Don’t look to the future for the origins of robot; look to the past. In what is now the Czech Republic, serfdom—the practice of forcing peasants to work the land of the aristocracy in return for their protection—wasn’t fully abolished until the 1840s, when the revolutions that were sweeping Europe convinced the aristocracy to fully emancipate the peasants. That legacy of forced labor left behind a word in Czech, robota, which refers to the type of work performed by serfs and is related to a word meaning “slave” that is still in use in Russian.

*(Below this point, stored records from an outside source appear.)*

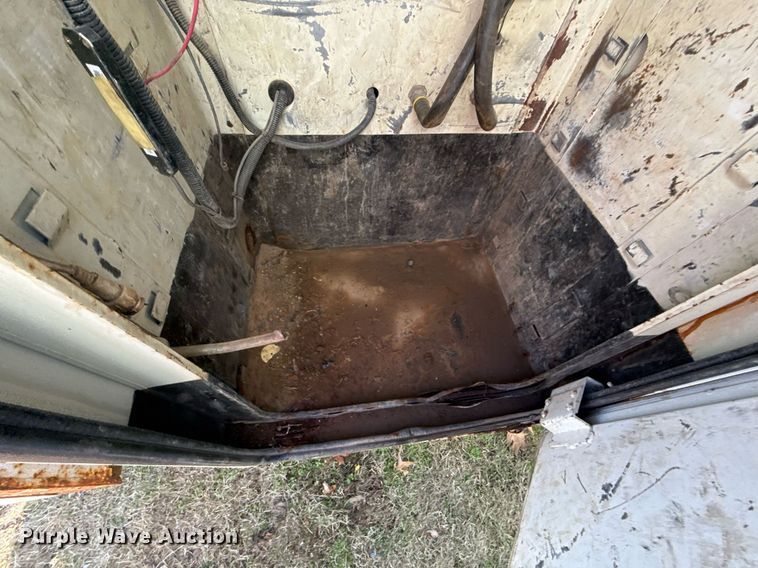 image for item EG7961 2009 International 4400 utility / service truck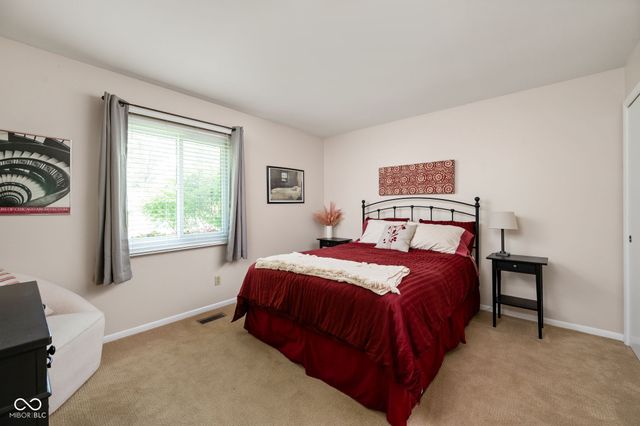 813 E 79th Street, Indianapolis, IN 46240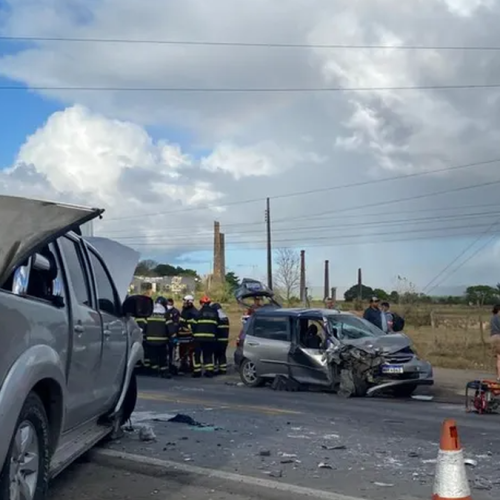 Acidente entre dois carros deixa vítima presa no veículo na BR-316, em Alagoas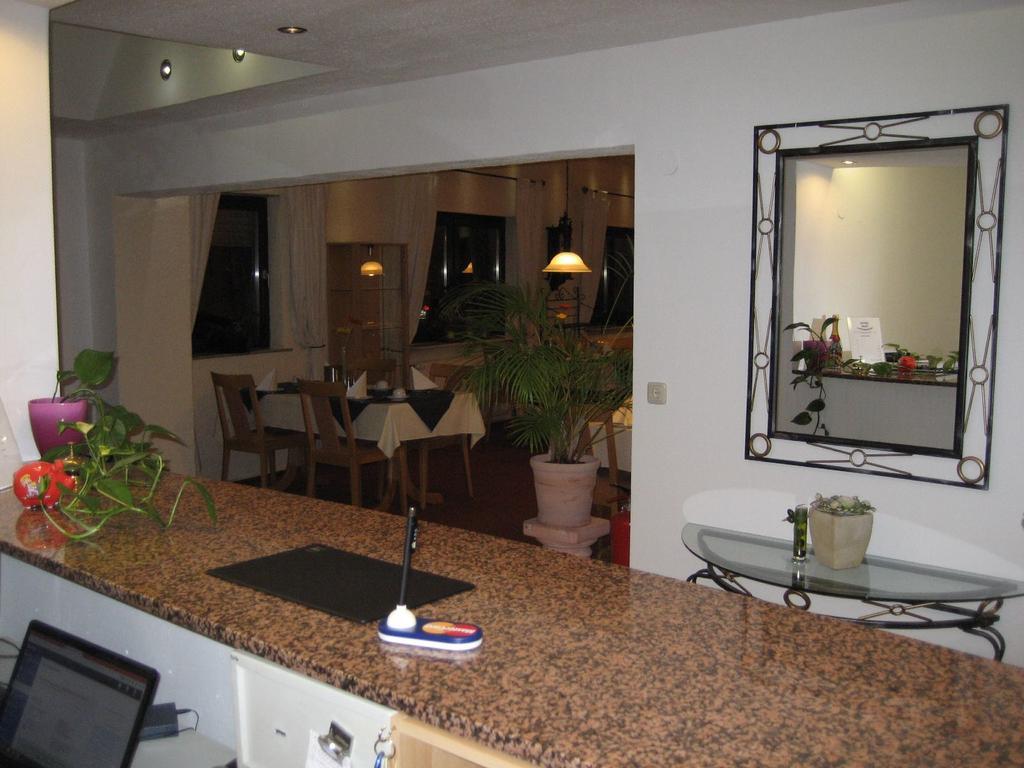 ויסבאדן Hotel Zum Schnackel In Mainz מראה חיצוני תמונה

That word was on the top of the mind for writer Karel Čapek in 1917. Čapek was a forward-thinking satirist who was obsessed with ethical questions about industry, national identity, and human beings throughout his short life. Along with his brother, Josef, he questioned everything about modernism, from consumerism to politics to the changing nature of artistic expression itself.

It’s no surprise, then, that the work that made Čapek’s name as a playwright and writer was about the idea of machines destroying human civilization. After his brother coined the term “robot” from robota, he wrote a play called R.U.R, or “Rossum’s Universal Robots.” Its plot is both hilarious and chilling, following a robot rebellion from its roots at an industrial factory to its decimation of all human beings on Earth except one.

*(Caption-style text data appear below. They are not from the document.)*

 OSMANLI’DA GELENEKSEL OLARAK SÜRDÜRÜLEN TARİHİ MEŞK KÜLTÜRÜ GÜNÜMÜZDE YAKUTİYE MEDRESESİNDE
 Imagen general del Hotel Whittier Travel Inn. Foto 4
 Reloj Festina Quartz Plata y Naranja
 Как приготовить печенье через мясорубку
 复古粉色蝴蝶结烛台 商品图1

R.U.R. reads like a sci-fi work well ahead of its time. It’s packed with lines like “the best sort of worker is the cheapest worker. The one who has the least needs.” and “Robots don’t love anything, not even themselves.” Čapek’s robots weren’t the machines we associate with the term today; rather, they were cyborg-like creatures completely indistinguishable from humans except for their complete lack of morality. The robots eventually turn the tables on their human masters, telling them, “You will work. You will build. Robots will need many buildings. Robots will need many houses for new robots.” Eventually, the robots realized they screwed up by killing their human masters and decide to repopulate the Earth.

Humankind doesn’t have a happy ending in R.U.R., but the play itself did. It was produced for the first time in Prague in 1921, and became so popular that it was translated into English and given runs in England and the United States. Its U.S. run had 184 performances.

Though it was panned in The New York Times, none other than Carl Sandburg wrote to defend R.U.R. “In its various windings,” he wrote in a letter to the editor, “R.U.R. is significant, important, teasing, quizzical, funny, terrible, paradoxical.” Sandburg found parallels in the play with politics, human docility, and the danger of things like cars and efficient machines.

Karel Čapek’s legacy didn’t have the same staying power as his play, which is still occasionally revived. He was nominated for a Nobel Prize, but his anti-fascist writings and close ties with Czech democratic leaders made giving him the prize too risky. Over the years, he became more and more isolated from the international writing community due to his outspoken opposition to the political tide that was sweeping through Europe.

He was on Hitler’s list of people to deport when the Germans invaded Czechoslovakia, but when the authorities showed up at his house to arrest him, they learned from his widow that he had died. Josef Čapek came to an early end too, dying in the Terezin concentration camp. R.U.R. may have been a work of satirical sci-fi, but phrases like “The world belongs to the strongest. Who wishes to live must dominate. We are masters of the world!” take on a chilly double meaning in light of the Čapeks’ tragic story.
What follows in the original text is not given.